Tags

I stumbled on this wonderful page which tries to explain computer science topics, simply. Their description of Big O kind of bothered me, though:

Say you order Harry Potter: Complete 8-Film Collection [Blu-ray] from Amazon and download the same film collection online at the same time. You want to test which method is faster. The delivery takes almost a day to arrive and the download completed about 30 minutes earlier. Great! So it’s a tight race.

What if I order several Blu-ray movies like The Lord of the Rings, Twilight, The Dark Knight Trilogy, etc. and download all the movies online at the same time? This time, the delivery still take a day to complete, but the online download takes 3 days to finish.

For online shopping, the number of purchased item (input) doesn’t affect the delivery time. The output is constant. We call this O(1).

From the experiments we know that online shopping scales better than online downloading. It is very important to understand Big O notation because it helps you to analyze the scalability and efficiency of algorithms.

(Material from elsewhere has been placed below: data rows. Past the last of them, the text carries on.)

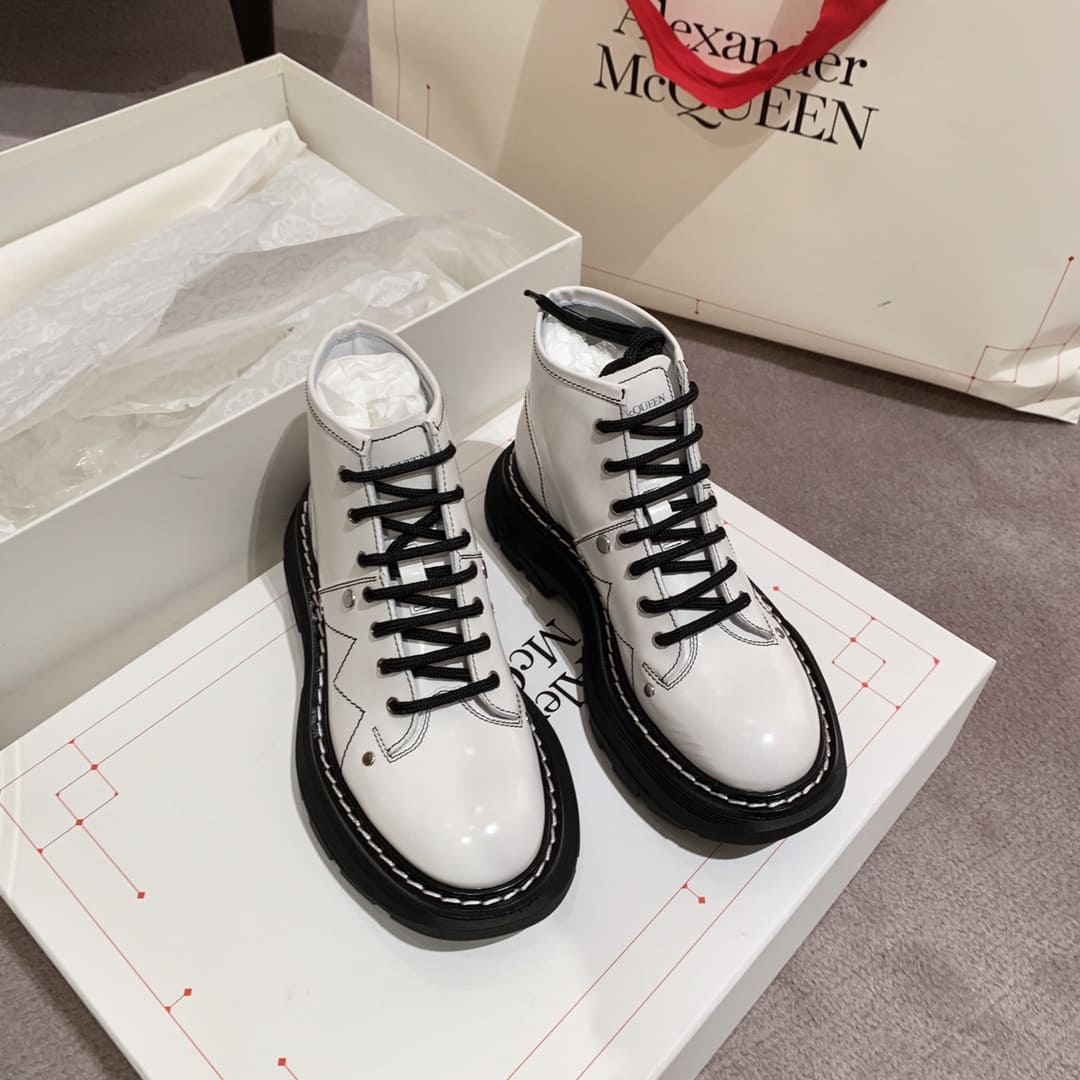 GIÀY ALEXANDER MCQUEEN MARTIN BOOTS SHOES AAA UNISEX NAM VÀ NỮ DA BÊ HẢO HẠNG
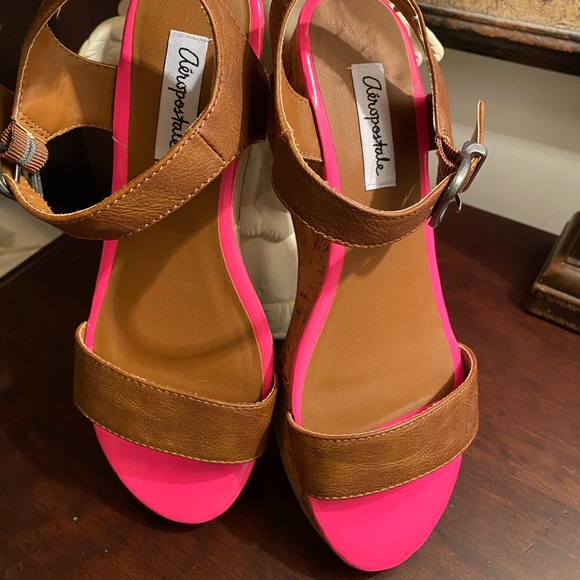 💖AEROPOSTALE 💖low wedge shoes. Genuine leather with cork wedge and pink. - Picture 3 of 6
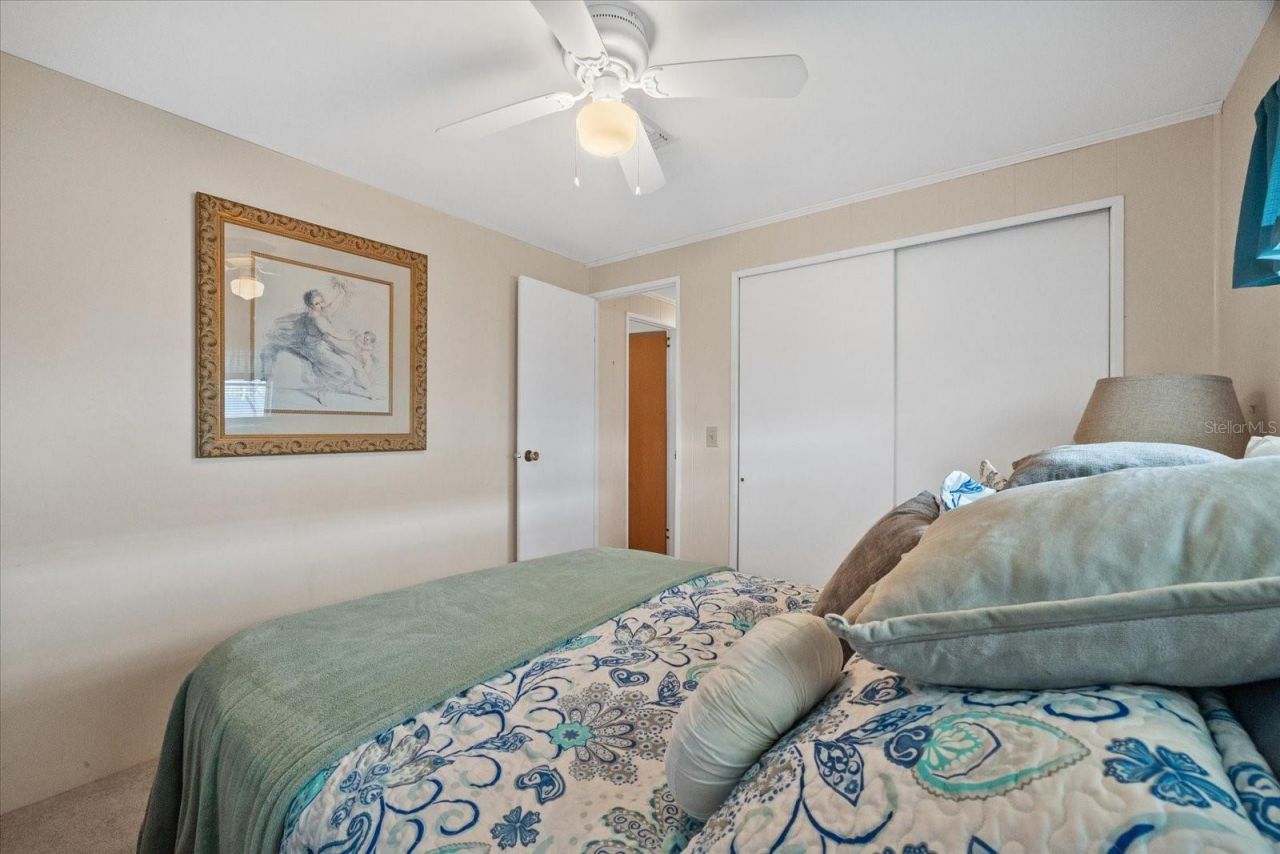 404 49th Avenue Drive W, Bradenton, FL 34207 Photo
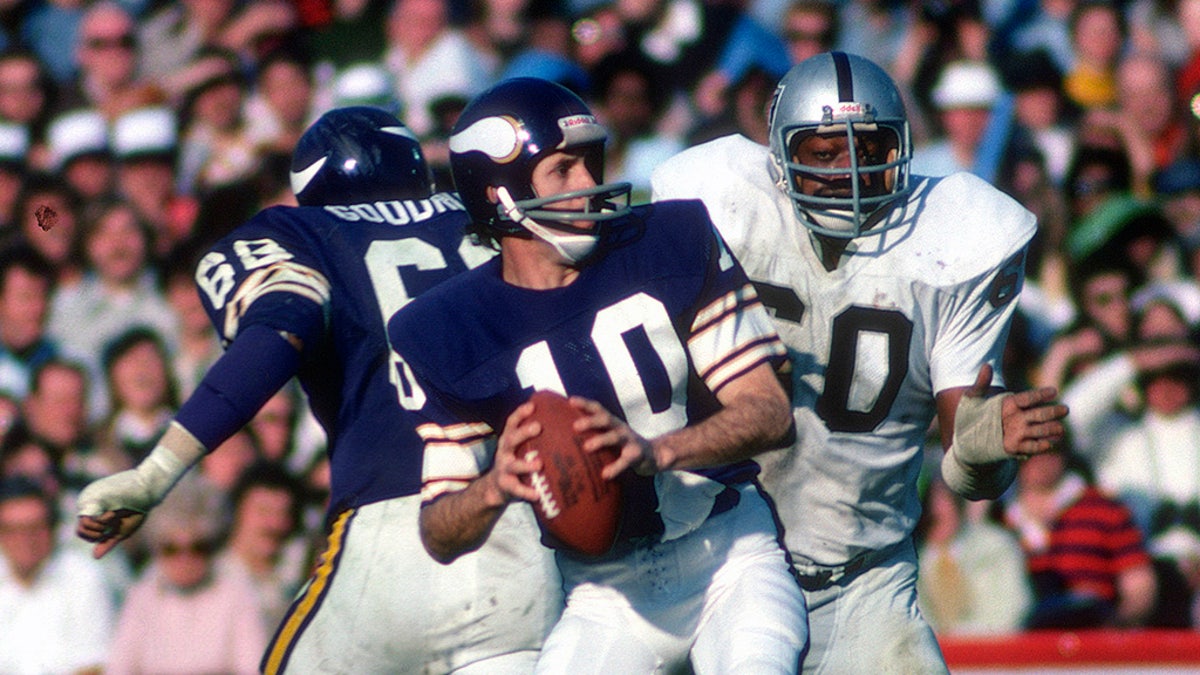 Fran Tarkenton couldn't get Minnesota passed Oakland in Super Bowl XI. (Photo by Focus on Sport/Getty Images)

It sounds great, but they leave out a critical detail: Big O is worst-case. Let’s take a quick look at a common sorting algorithm, Quicksort. It goes something like this:

1. Scan down the list until you find a value less than the median or “pivot.”
2. Scan up the list until you find a value greater than or equal to the median.
3. Swap those two values.
4. Continue steps 1 to 3 until both scans meet.
5. That meeting place divides the list in two; perform a Quicksort on each half.

It’s fairly simple. But how do you determine what the median is, without scanning down the list? Naive approaches will just pick the first value on the list, and for randomly-scattered lists this is decent. But imagine if you handed this variant of Quicksort a list that’s in reverse order; it’ll use the largest value as the “median,” and divide that list of N values into two partitions of size 1 (the “median”) and N-1.

That small one is already sorted, so it’s ignored. Quicksort looks at the N-1 list, and pulls off the first value it sees to act as the median: the second-largest value. The cycle repeats, and we now have partitions of size 1 and (N-1)-1. This carries on, and so for N values we wind up scanning N-1 items each, which translates to a Big O of O(n2). That doesn’t seem like a very “quick” sort, especially when others like Merge or Heap are never worse than O(n log(n)), and yet in practice it’s still one of the quickest.

The worst case is rarely a good representative of the typical case.

Leaving out the “worst case” bit can lead to all sorts of absurdities. Wikipedia proudly declares that the best case scenario for Quicksort is either O(n log(n)) or O(n), depending on which variant you use. In plain English, that translates to “the worst case of the best case performance is either proportional to N log(N) or N, where N is the number of items in the list.” It’s technically correct, but silly.

And seriously, how hard is it to insert the words “worst-case” into your analogy?